WHAT TO WORK ON
A faithful copy of the listing below is needed, with its pictures left out.

GIVEN RECORDS
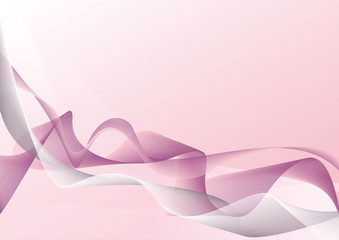 Abstract pink wavy vector background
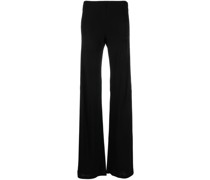 Ausgestellte High-Waist-Hose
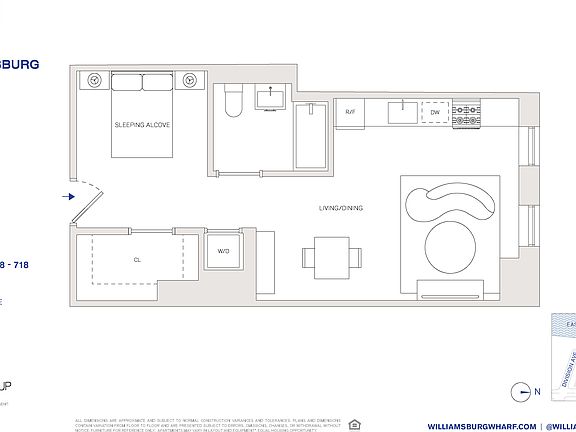 2nd image of 478 Kent Ave #418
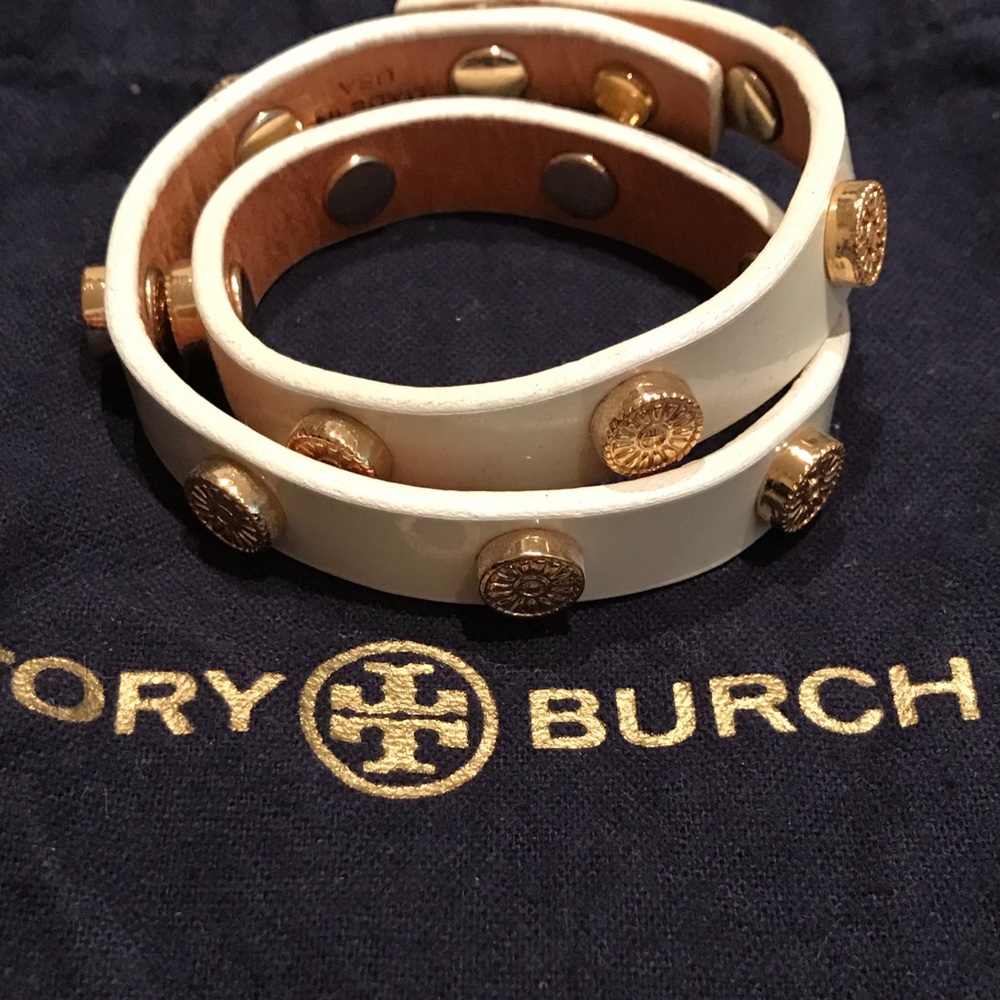 Tory Burch Double Wrap Studded Bracelet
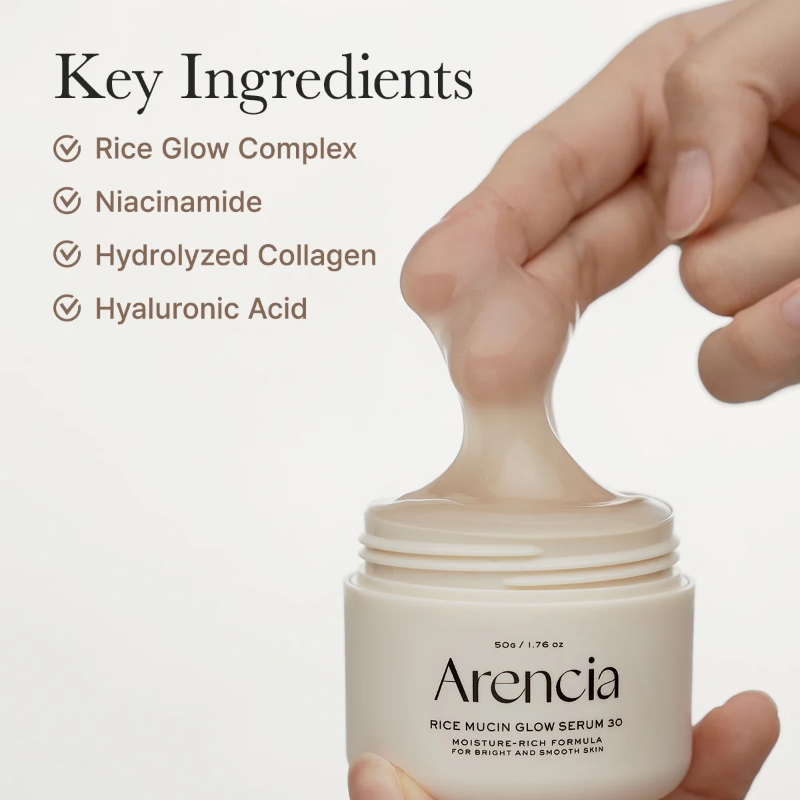 Arencia Rice Mucin Glow Serum 30 - Image 3
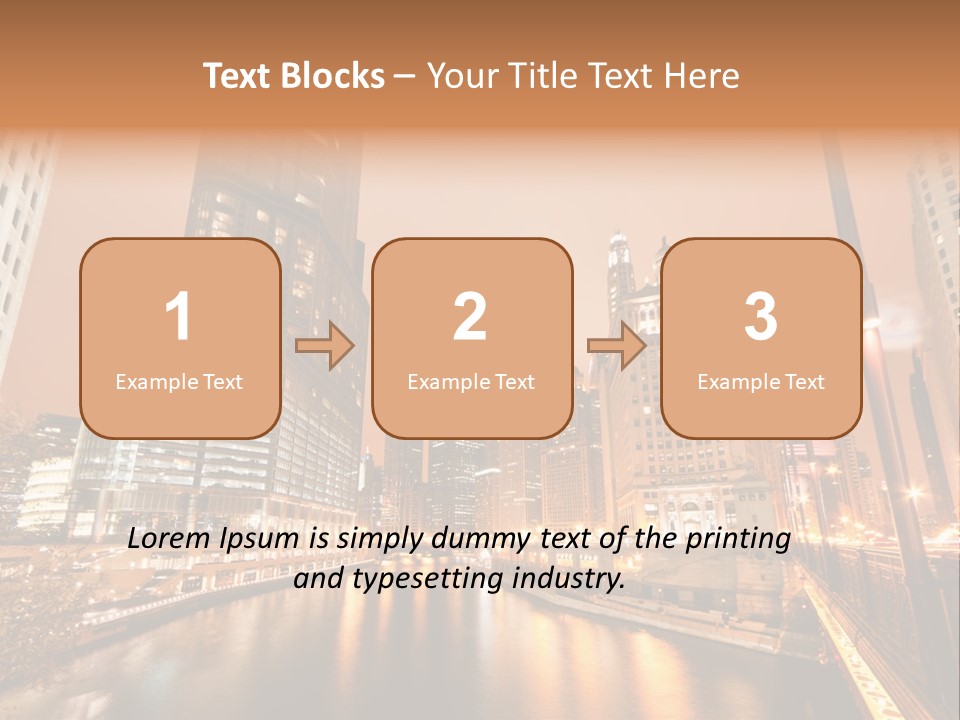 Tower Exposure Ave PowerPoint Template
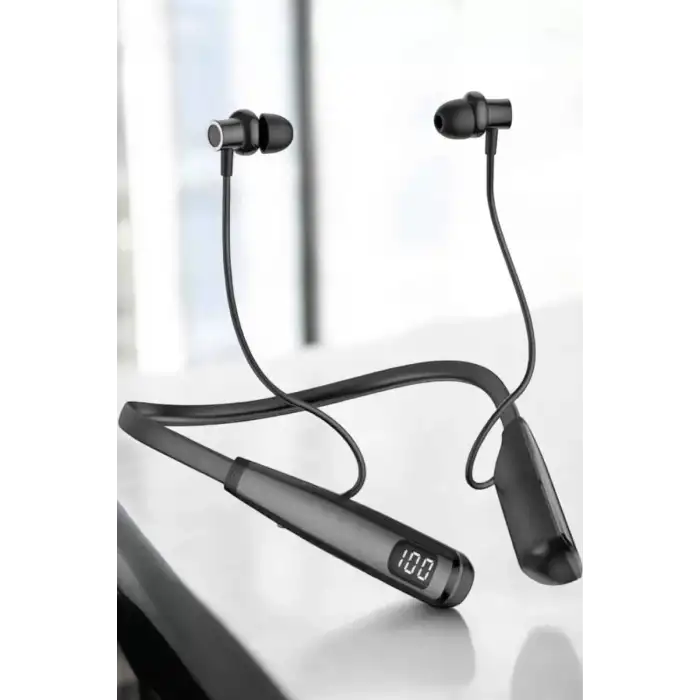 AsilTech Boyun Bantlı Bluetooth Kulaklık Yüksek Ses Kaliteli 100 Saat Kulaklık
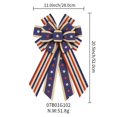 thumbnail image 2 of Holloyiver Memorial Day 4th of July Bow, Patriotic Wreath Burlap Bow, Red White Blue Stars Tree Topper American Flag Bow for Indoor Outdoor Independence Day Party Decoration (Rustic), 2 of 4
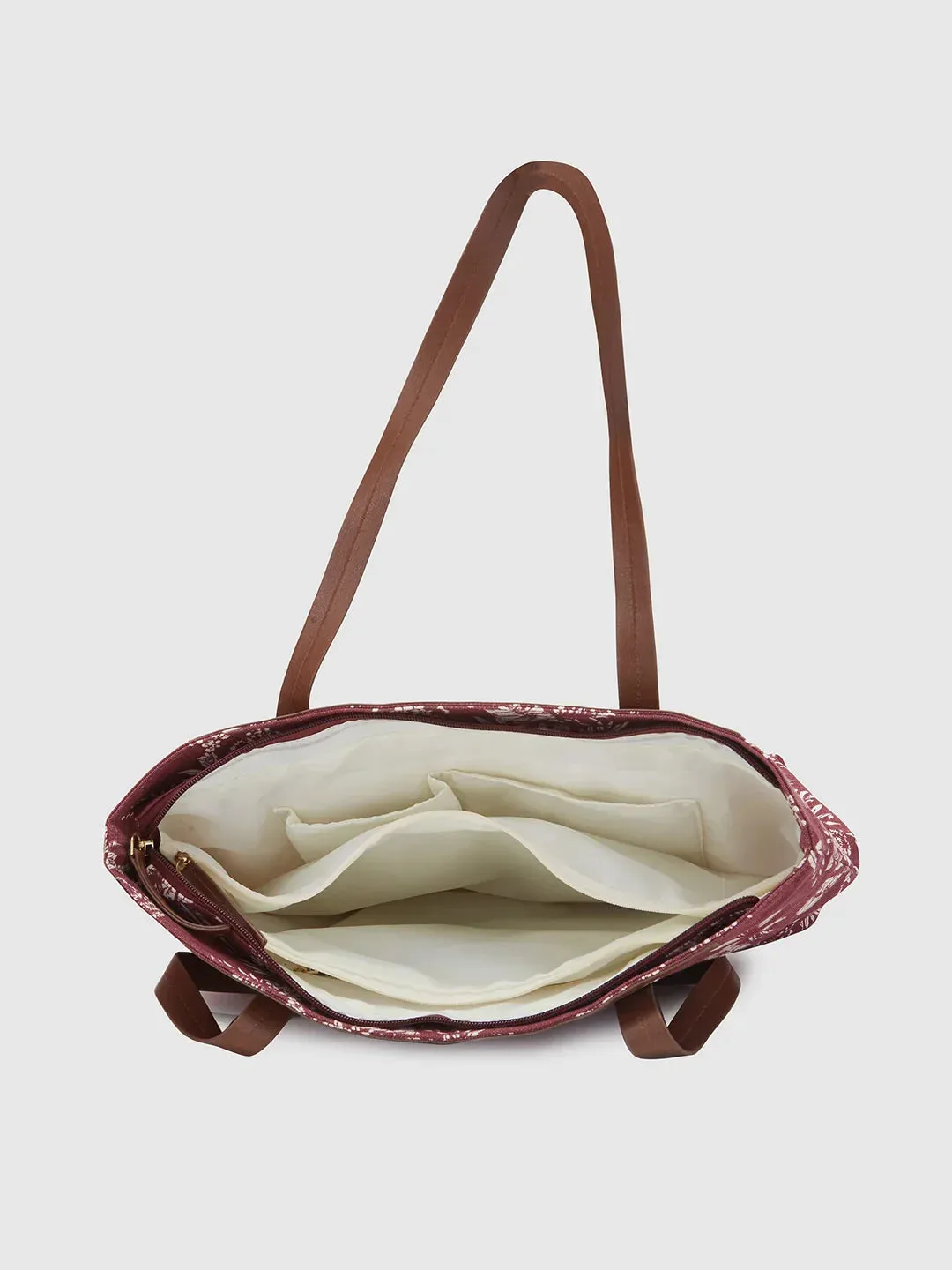 Caprese Kendall Large Maroon Tote Bag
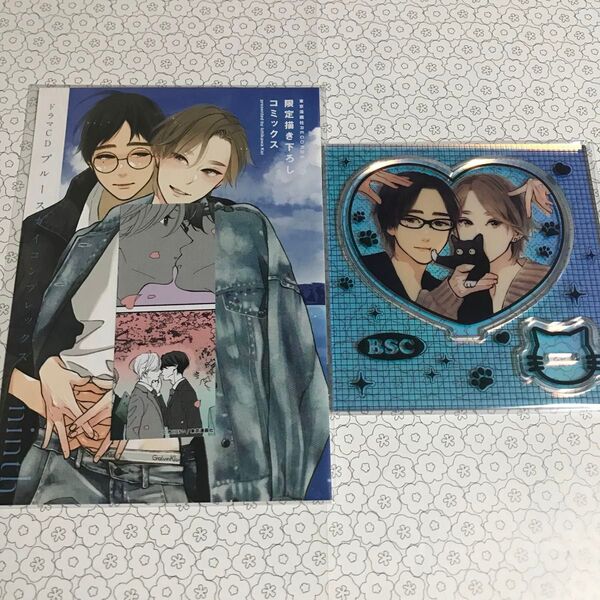 ドラマCD ブルースカイコンプレックス ninth 描き下ろしコミックス&早期予約特典 ミニしおり&アクリルスタンド 市川けい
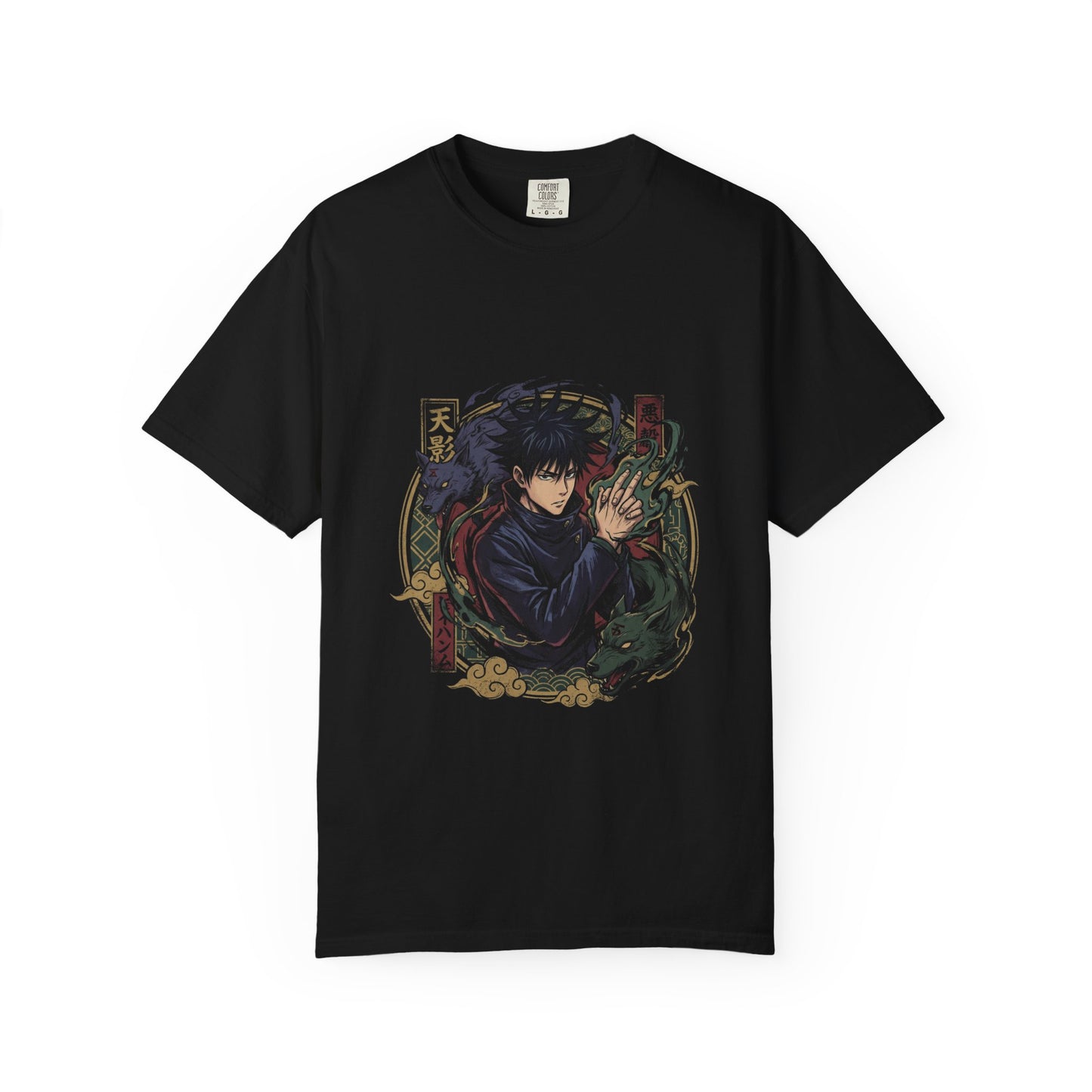 Jujutsu Kaisen Megumi Fushiguro Divine Dogs Summon Iconic Design Premium T-Shirt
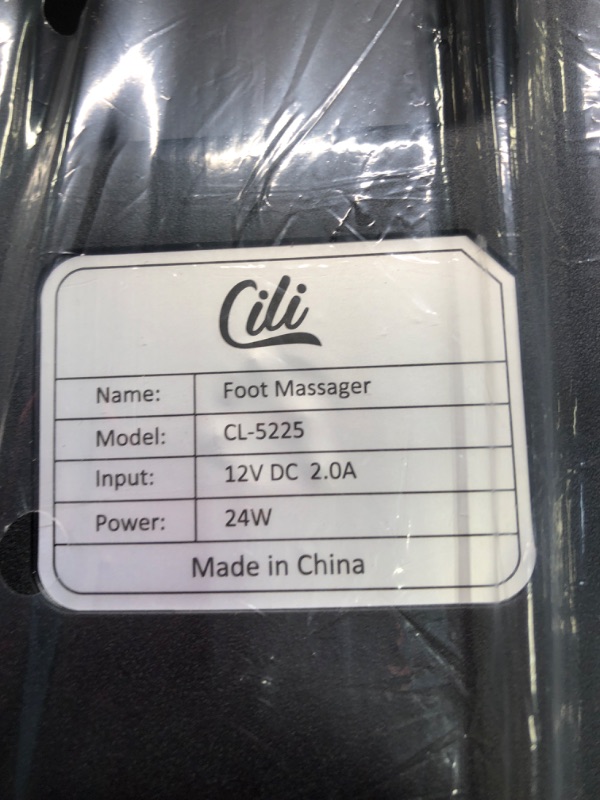 Photo 4 of CILI Shiatsu Foot Massager Machine, Electric Heated Feet Massager for Plantar Fasciitis, Kneading Vibration Compression, Detachable Sleeve, Up to Men Size 13, Christmas Gifts for Women Men Black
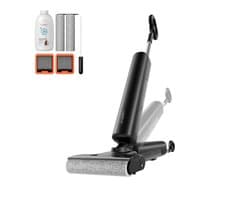 UWANT D600 Steelstofzuiger Draadloos Nat & Droog – Krachtige Handstofzuiger met Zelfreiniging, 21,6V Accu, Lichtgewicht (4,3 kg), voor Harde Vloeren, Tapijt & Huisdierenhaar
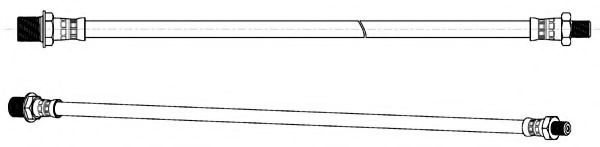 Тормозной шланг FERODO FHY2983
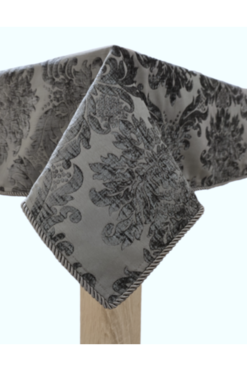 obrus Residence Graphite, grafitowy, 140x140cm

EXERCISE OUTPUT
 Abstract pink wavy vector background
 Ausgestellte High-Waist-Hose
 2nd image of 478 Kent Ave #418
 Tory Burch Double Wrap Studded Bracelet
 Arencia Rice Mucin Glow Serum 30 - Image 3
 Tower Exposure Ave PowerPoint Template
 AsilTech Boyun Bantlı Bluetooth Kulaklık Yüksek Ses Kaliteli 100 Saat Kulaklık
 thumbnail image 2 of Holloyiver Memorial Day 4th of July Bow, Patriotic Wreath Burlap Bow, Red White Blue Stars Tree Topper American Flag Bow for Indoor Outdoor Independence Day Party Decoration (Rustic), 2 of 4
 Caprese Kendall Large Maroon Tote Bag
 ドラマCD ブルースカイコンプレックス ninth 描き下ろしコミックス&早期予約特典 ミニしおり&アクリルスタンド 市川けい
 Jujutsu Kaisen Megumi Fushiguro Divine Dogs Summon Iconic Design Premium T-Shirt
 Photo 4 of CILI Shiatsu Foot Massager Machine, Electric Heated Feet Massager for Plantar Fasciitis, Kneading Vibration Compression, Detachable Sleeve, Up to Men Size 13, Christmas Gifts for Women Men Black
 UWANT D600 Steelstofzuiger Draadloos Nat & Droog – Krachtige Handstofzuiger met Zelfreiniging, 21,6V Accu, Lichtgewicht (4,3 kg), voor Harde Vloeren, Tapijt & Huisdierenhaar
 Тормозной шланг FERODO FHY2983
 obrus Residence Graphite, grafitowy, 140x140cm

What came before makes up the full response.